LLM Safety Alignment is Divergence Estimation in Disguise
Rajdeep Haldar, Ziyi Wang, Qifan Song, Guang Lin, Yue Xing
TL;DR
This work reframes LLM safety alignment as divergence estimation between aligned and unaligned response distributions, unifying RLHF, DPO, KTO, and BCO under a single probabilistic lens. It introduces KLDO, a KL-divergence-based alignment objective, and a broader FDO family, providing theoretical guarantees via alignment-consistency and linking these to the separation of safe vs. harmful prompts in latent space.
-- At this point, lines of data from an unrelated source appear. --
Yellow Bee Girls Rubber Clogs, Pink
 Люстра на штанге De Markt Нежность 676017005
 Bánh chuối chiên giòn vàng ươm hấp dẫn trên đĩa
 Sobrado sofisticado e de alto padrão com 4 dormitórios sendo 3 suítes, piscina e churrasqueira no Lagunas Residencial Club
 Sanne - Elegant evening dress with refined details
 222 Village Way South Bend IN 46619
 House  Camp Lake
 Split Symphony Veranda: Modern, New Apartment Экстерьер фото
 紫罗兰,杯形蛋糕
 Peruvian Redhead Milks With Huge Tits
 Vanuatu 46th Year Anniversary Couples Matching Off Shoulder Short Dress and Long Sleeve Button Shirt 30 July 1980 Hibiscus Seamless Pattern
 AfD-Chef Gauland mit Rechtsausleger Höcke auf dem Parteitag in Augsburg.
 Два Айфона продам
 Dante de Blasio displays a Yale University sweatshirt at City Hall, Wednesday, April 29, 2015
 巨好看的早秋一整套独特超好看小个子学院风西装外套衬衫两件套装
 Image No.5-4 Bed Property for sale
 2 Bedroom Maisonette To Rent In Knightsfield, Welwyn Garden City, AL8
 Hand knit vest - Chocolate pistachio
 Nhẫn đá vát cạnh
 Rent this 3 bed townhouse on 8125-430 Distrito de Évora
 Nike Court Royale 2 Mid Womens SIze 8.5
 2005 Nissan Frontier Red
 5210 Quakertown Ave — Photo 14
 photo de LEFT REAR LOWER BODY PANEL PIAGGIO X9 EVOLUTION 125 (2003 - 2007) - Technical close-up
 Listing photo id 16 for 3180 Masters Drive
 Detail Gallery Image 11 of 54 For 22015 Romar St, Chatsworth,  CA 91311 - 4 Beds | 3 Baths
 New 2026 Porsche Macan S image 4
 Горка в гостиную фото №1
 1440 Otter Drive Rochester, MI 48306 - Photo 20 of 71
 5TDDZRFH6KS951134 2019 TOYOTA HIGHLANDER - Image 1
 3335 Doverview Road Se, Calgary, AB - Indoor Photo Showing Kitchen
The authors show that CR data yield stronger separation and robustness than Pref data, and they validate these predictions with extensive experiments across multiple model families, demonstrating that greater latent separation correlates with improved safety. The framework offers a principled path to designing new alignment objectives that improve safety without sacrificing utility, with implications for scalable, robust alignment in real-world systems.
Abstract
We present a theoretical framework showing that popular LLM alignment methods, including RLHF and its variants, can be understood as divergence estimators between aligned (safe or preferred) and unaligned (harmful or less preferred) distributions. This perspective explains the emergence of separation in the latent space between safe and harmful prompts after alignment. As an application of our general divergence framework, we propose KLDO, a novel KL divergence-based alignment method, and empirically validate its effectiveness. We further show that using compliance-refusal datasets, rather than standard preference-based datasets, leads to stronger separation and improved safety alignment. Finally, to quantify the separation effect, we propose a distance-based metric in the prompt representation space, which also acts as a statistically significant indicator for model safety.